§ **What is being asked**
After reading the entries below, copy word for word the lines from the first through the line containing "Black owl in wreath as university symbol", and stop there.

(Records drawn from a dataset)
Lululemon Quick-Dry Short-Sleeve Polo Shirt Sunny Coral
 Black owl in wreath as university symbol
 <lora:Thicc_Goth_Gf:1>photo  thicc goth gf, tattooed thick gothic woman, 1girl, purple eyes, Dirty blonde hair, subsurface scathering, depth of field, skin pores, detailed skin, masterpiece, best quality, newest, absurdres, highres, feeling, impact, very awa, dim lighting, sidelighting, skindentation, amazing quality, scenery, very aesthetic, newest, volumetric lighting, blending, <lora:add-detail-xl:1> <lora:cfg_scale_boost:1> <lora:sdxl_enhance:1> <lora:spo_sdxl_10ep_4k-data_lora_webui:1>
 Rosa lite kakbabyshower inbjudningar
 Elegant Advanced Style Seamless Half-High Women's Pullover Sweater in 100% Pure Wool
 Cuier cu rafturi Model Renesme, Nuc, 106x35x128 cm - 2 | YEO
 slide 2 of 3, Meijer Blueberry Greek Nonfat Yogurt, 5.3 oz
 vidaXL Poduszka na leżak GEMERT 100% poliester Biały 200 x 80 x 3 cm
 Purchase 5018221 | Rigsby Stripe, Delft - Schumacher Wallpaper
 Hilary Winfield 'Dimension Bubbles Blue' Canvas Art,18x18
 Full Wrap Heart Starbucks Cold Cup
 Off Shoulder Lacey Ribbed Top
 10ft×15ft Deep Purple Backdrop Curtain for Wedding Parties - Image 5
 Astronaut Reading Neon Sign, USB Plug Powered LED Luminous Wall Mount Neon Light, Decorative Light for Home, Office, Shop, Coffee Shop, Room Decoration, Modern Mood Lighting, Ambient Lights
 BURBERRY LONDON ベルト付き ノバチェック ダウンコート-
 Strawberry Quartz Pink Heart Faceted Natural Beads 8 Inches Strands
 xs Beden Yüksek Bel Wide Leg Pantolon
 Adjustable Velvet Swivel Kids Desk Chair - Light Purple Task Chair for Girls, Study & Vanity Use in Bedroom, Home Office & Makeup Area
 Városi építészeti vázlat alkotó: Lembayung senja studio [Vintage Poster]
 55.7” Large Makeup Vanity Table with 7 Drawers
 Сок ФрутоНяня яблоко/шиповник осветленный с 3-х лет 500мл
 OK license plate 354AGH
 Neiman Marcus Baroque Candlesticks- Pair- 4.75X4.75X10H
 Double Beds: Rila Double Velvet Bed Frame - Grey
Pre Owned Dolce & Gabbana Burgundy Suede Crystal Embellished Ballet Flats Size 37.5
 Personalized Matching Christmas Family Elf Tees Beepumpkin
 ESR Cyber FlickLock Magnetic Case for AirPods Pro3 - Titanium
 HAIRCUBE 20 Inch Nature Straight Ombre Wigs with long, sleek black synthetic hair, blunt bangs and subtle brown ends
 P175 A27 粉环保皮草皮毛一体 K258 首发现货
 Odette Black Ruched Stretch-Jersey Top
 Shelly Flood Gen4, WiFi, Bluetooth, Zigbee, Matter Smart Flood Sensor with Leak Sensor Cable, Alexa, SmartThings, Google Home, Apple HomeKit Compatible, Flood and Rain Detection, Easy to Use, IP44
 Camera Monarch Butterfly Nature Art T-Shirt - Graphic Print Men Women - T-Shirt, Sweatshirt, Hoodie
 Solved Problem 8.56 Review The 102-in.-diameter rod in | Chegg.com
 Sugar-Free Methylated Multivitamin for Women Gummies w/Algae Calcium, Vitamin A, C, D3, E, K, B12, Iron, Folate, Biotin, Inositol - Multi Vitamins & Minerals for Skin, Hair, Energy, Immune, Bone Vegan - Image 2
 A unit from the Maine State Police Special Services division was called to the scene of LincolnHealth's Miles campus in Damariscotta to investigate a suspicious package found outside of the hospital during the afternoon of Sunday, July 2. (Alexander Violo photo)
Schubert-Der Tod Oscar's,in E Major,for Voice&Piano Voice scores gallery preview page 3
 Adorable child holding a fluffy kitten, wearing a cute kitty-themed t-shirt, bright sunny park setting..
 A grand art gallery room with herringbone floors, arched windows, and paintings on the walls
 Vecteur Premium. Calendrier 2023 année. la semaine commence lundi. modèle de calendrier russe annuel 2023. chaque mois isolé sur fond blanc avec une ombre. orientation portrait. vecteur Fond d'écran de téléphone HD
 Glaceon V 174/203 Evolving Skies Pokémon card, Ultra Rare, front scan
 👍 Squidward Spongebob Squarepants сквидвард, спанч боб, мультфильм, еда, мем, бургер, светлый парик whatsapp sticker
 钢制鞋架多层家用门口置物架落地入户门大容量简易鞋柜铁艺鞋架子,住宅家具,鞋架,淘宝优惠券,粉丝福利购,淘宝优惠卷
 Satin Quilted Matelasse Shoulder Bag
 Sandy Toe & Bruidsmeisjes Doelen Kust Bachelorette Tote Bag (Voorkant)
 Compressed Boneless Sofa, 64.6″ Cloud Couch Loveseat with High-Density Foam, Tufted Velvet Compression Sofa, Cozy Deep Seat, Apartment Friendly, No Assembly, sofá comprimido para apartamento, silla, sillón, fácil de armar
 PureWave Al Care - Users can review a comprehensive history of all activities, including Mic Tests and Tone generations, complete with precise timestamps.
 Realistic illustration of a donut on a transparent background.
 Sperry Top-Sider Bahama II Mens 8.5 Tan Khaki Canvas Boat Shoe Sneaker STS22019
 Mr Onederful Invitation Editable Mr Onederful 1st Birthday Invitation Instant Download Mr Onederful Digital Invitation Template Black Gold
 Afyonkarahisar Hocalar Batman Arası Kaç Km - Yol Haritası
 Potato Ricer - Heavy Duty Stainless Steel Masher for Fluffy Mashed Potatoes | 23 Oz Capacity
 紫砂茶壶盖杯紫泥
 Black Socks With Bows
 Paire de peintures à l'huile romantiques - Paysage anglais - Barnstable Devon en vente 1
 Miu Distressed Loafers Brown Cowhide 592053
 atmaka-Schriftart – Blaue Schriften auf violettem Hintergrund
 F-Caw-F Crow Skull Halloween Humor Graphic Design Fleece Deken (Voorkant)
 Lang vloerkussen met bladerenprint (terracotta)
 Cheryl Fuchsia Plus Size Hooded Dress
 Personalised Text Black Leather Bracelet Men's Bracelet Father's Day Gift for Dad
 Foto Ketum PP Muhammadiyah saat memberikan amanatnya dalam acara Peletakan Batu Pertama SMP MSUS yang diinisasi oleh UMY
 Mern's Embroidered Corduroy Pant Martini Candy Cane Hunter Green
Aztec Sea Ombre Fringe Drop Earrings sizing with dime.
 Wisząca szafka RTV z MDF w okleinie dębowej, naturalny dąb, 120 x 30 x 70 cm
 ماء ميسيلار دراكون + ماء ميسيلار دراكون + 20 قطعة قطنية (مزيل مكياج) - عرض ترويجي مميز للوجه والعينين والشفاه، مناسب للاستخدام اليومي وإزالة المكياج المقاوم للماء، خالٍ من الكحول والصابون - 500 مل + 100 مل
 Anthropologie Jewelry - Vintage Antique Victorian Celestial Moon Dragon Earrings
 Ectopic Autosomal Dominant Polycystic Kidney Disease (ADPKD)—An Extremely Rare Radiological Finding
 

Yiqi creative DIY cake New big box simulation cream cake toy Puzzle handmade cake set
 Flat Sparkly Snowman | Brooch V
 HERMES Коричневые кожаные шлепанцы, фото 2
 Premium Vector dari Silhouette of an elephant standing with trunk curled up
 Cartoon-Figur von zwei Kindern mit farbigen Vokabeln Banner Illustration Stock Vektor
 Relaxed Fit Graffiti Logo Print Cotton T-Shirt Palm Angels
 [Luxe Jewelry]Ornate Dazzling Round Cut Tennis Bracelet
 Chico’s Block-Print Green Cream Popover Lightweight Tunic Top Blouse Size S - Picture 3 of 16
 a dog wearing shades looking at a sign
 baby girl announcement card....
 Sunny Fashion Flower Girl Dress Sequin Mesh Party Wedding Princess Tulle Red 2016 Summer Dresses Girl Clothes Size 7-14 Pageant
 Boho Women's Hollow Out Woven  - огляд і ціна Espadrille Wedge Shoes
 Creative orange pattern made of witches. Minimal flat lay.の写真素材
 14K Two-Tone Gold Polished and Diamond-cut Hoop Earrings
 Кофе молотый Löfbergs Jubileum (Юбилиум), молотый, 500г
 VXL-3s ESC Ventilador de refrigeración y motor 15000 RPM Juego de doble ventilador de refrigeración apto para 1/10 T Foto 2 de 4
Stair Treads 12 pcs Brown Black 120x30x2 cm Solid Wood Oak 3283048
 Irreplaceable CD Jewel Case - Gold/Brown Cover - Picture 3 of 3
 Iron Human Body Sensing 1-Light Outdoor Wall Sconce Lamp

§ **Written solution**
Lululemon Quick-Dry Short-Sleeve Polo Shirt Sunny Coral
 Black owl in wreath as university symbol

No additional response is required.